In February 2009, Southern Star was taking another look at the park and considering a takeover bid with the City of New Orleans. Southern Star planned a scaled-down effort with intentions only to reopen the park with a water park added to the existing midway area. The idea was to reopen and build incrementally, saving about $50 million in improvements for the next few years. Given the poor economic situation then, this plan seemed to be the only way to save the park. The basic idea was to use investors and Go Zone Bonds to raise the $35 to $40 million needed to reopen the park with basic improvements required to make a real recovery and profit. Southern Star's CEO Danny R. Rogers asked Six Flags to stop all removal action of equipment from the park, as the equipment in question belongs to the City of New Orleans and not Six Flags. Southern Star also requested the return of other equipment taken from the park.

On August 18, 2009, it was announced that the land would be redeveloped into a Nickelodeon Universe theme/water park.

On September 18, 2009, New Orleans fined Six Flags $3 million and ordered the company to vacate its lease with the park. On June 13, 2009, Six Flags filed for Chapter 11 bankruptcy protection. The City of New Orleans took ownership of the park shortly after.

As of early 2010, the site was overgrown with debris and weeds. Removal of the debris and underbrush had begun.

As of April 11, 2010, the site was still shut down with no clear future since the city of New Orleans owned the property by this time, and the plans for the Nickelodeon-branded theme park fell through three months after bonds failed to come through.

On January 21, 2011, Southern Star went public with its third redevelopment plans for the park, posting a link on their company website. On January 26, 2011, Southern Star posted a Letter of Intent for the park on its website. The redevelopment plans gave a brief history of the property, pre and post-Katrina condition photos, development concept photos, written descriptions of each phase of the redevelopment procedure, and business projections for when it opens.

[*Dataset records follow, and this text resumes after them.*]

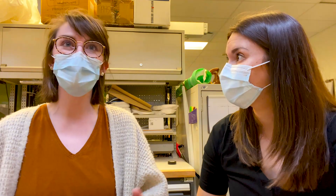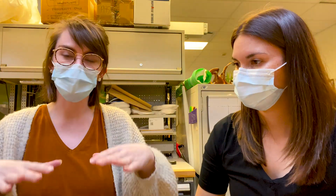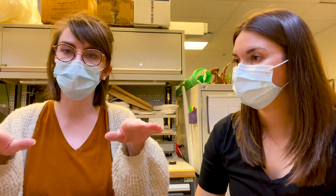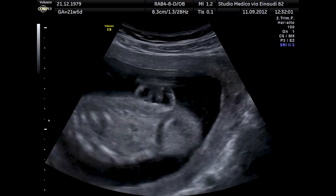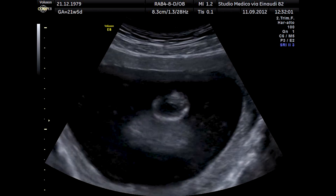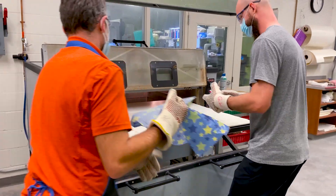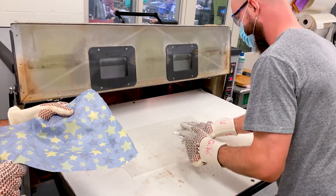Someone needs an HKAFO when they have weakness around the ankles and also around the hips, causing their feet to turn inwards. Having joints that are attached can help to externally rotate them so they're less likely to trip. This patient was born with spina bifida — a condition that occurs early in pregnancy when the backbone doesn't form properly, often resulting in damage to the spinal cord and nerves. This boy has been wearing leg braces for years but has grown out of his last pair, so the team is making a replacement.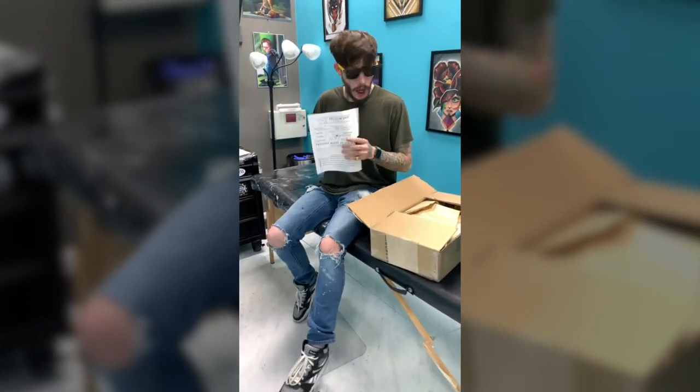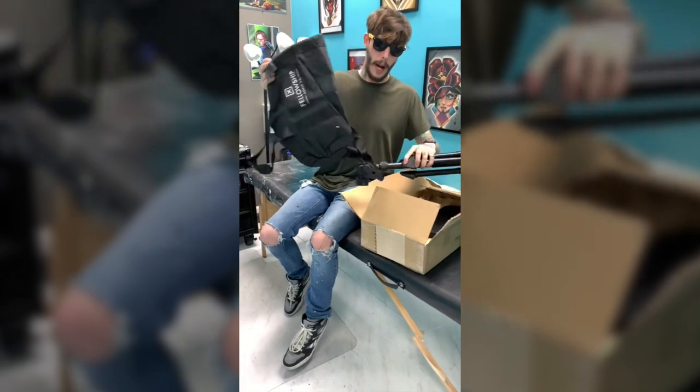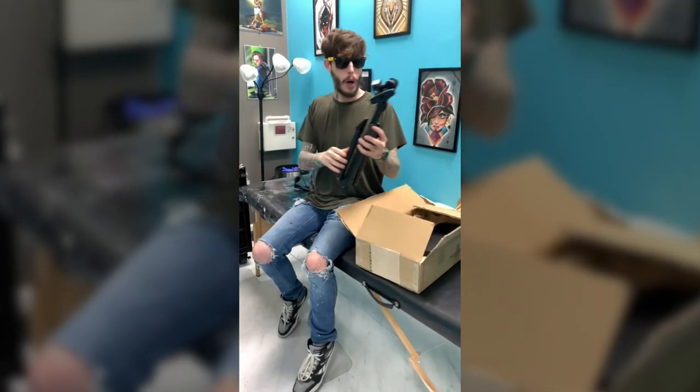First off, they got a nice little thing in there for you to put it together. It also seems like it comes with a nice cool travel bag, which — that's the first time I've seen that. It's got the Fellowship logo on it. It's super nice. Very quality.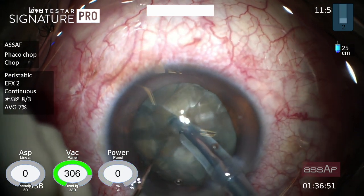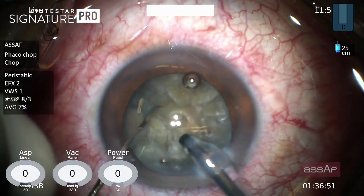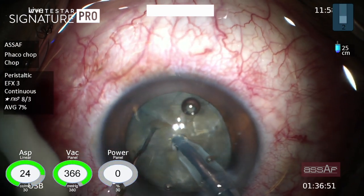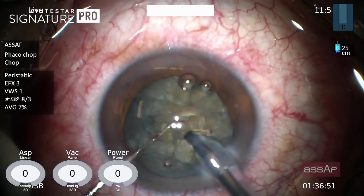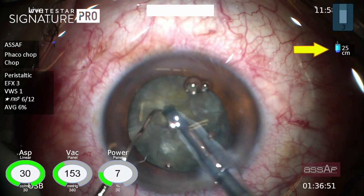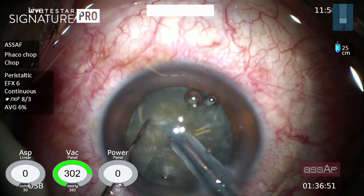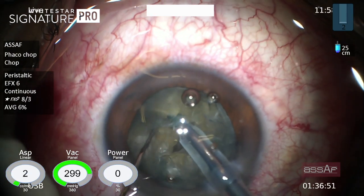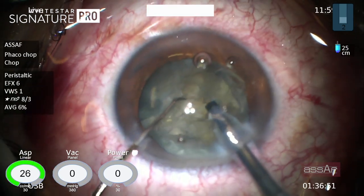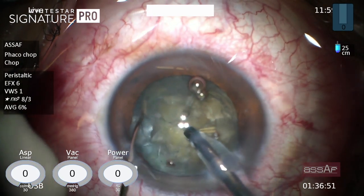Now applying the quick chop technique — I believe vertical chopping can divide the nucleus without inducing too much stress on the weak zonules, yet I don't insist on complete separation of the nuclear fragments because it might jeopardize the already weakened posterior capsule. I kept the bottle height very low at 25 centimeters above the patient's eye, because increasing the bottle height increases infusion pressure, causing a hyper-deep anterior chamber due to the zonular laxity and lack of vitreous gel in the posterior segment, making the cataract less accessible for chopping with the left hand.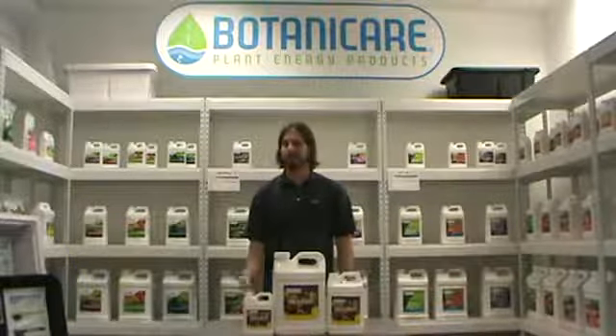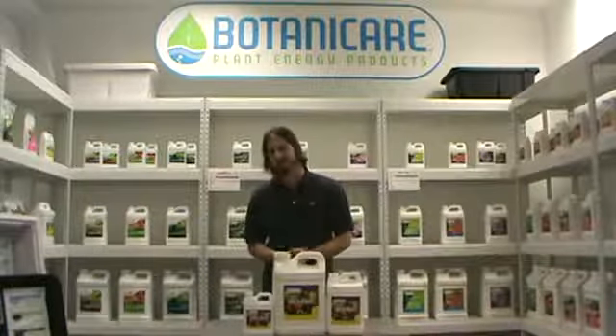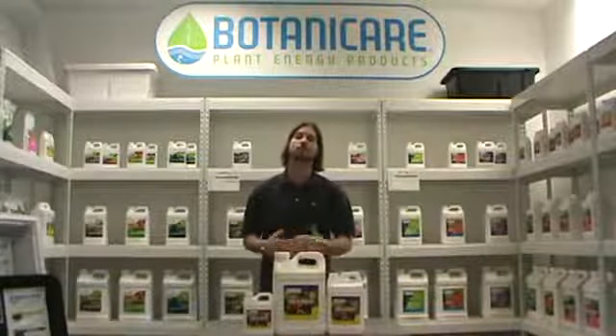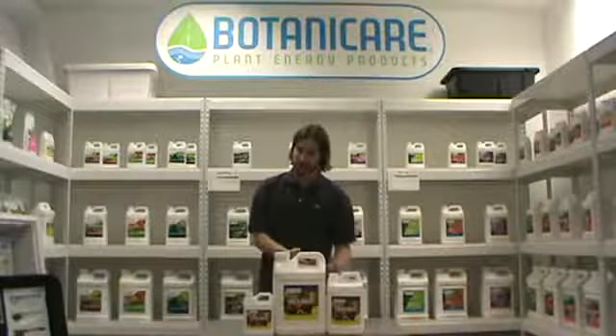Hi, I'm Scott with Botanicare and I'm here today to talk to you about our product called Silica Blast. Silica is a very unique supplement that you can add to your nutrient regimen that's going to help your plant within extreme cases of temperature and extreme cases of drought.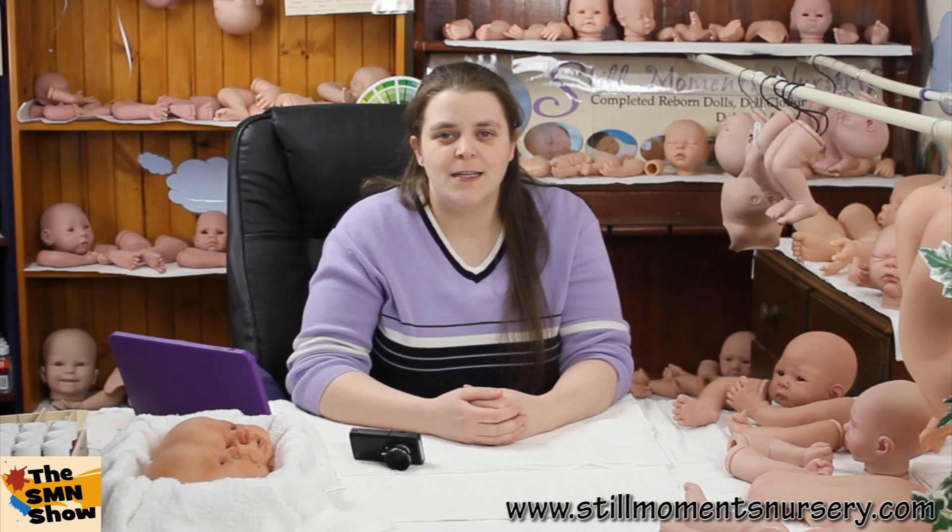Hey guys, it's Nikki from Still Moments Nursery. I had a couple of requests asking me to show what doll kits I'm working on, so I'll show you what I've currently been working on this week.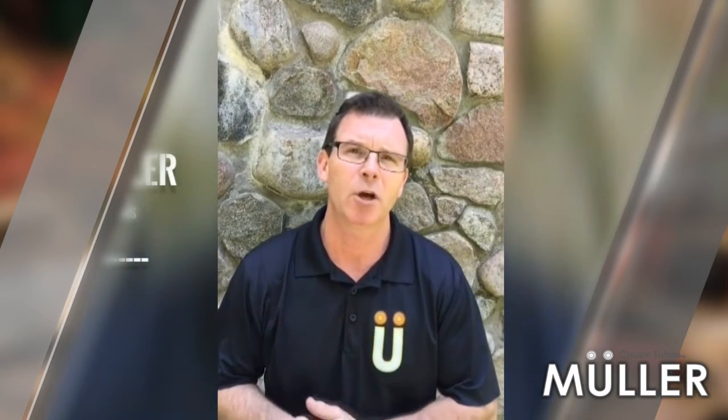Hi everyone, I'm Jimmy Muller. I'm the inventor and owner of Muller Choke Tubes. Today in this video I'd like to talk to you about temperatures in shooting.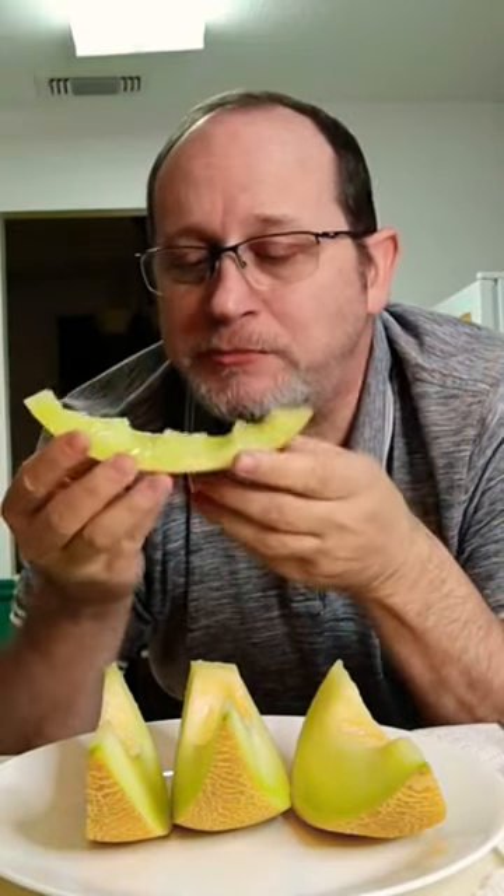Super super delicious — it gets two big thumbs up. This is my first time ever eating gallia.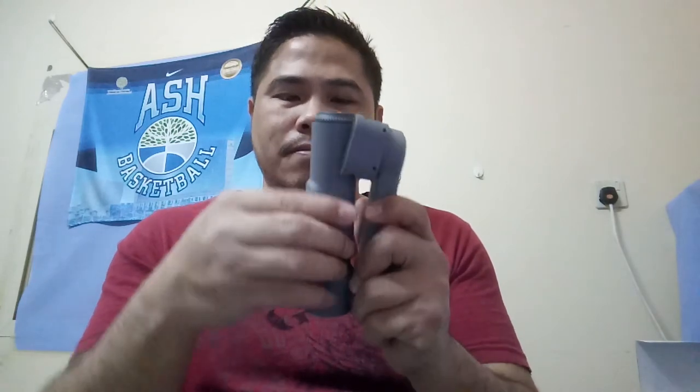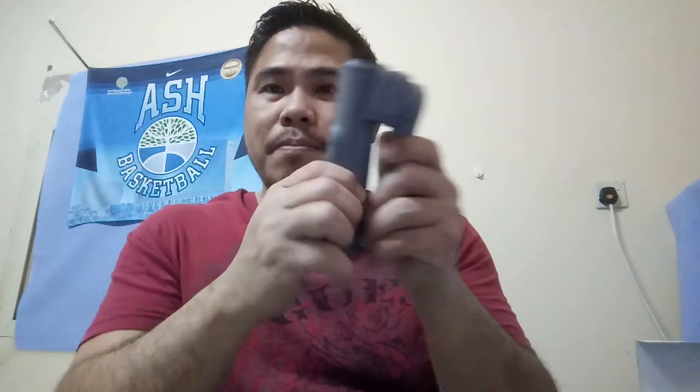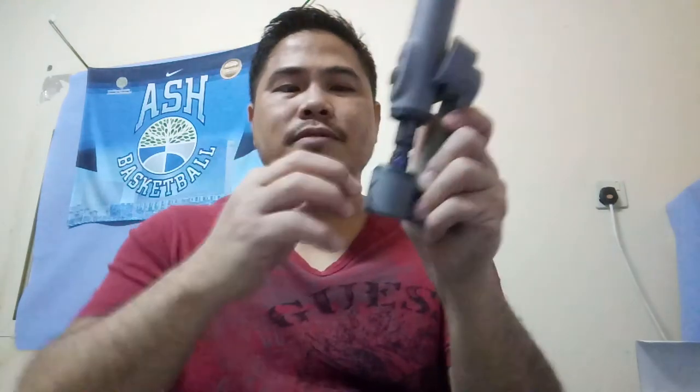Let me demo the setup one more time. Rotate it, then turn and push up until you see the joint. Put it down, then push this part and rotate until it locks. Once locked, it's ready. You can use it as a stand — this is the tripod part. You can also attach it — like for a GoPro.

During "Phase I", Southern Star planned to restore what is left of the park and expand it by adding more rides and reverting the park to its original Louisiana theme. The park would be revamped to reflect Louisiana's history and heritage, with one of the proposed sections paying tribute to the now-defunct Pontchartrain Beach, which closed in 1983.

"Phase II" entailed adding a water park, and future expansion phases included adding a youth sports complex, an on-site hotel/resort, and a movie studio/backlot that would cater to the needs of various production companies filming in the New Orleans area. Plans also included developing an entertainment and shopping district within the park. These plans entailed utilizing all 224 acre of the site of which only 100 acre were to be developed and occupied by the remains of the Six Flags New Orleans park.

The Letter of Intent from Southern Star set out a lease agreement between the city and the company, stating Southern Star's proposed lease terms and its intent to utilize and restore the area. The company would enter a 75-year lease and take on the property in its current condition. Southern Star planned to take possession of the property before the lease was established to provide preliminary security and repair/cleanup services. The lease would not have taken effect until Southern Star had taken possession of the property, started the cleanup process, and provided proof of funding to the city. After that, the city had 15 days to execute its end of the agreement. Any improvements made would belong to the company, and the lease would end in 2018. The plans never came to fruition, however.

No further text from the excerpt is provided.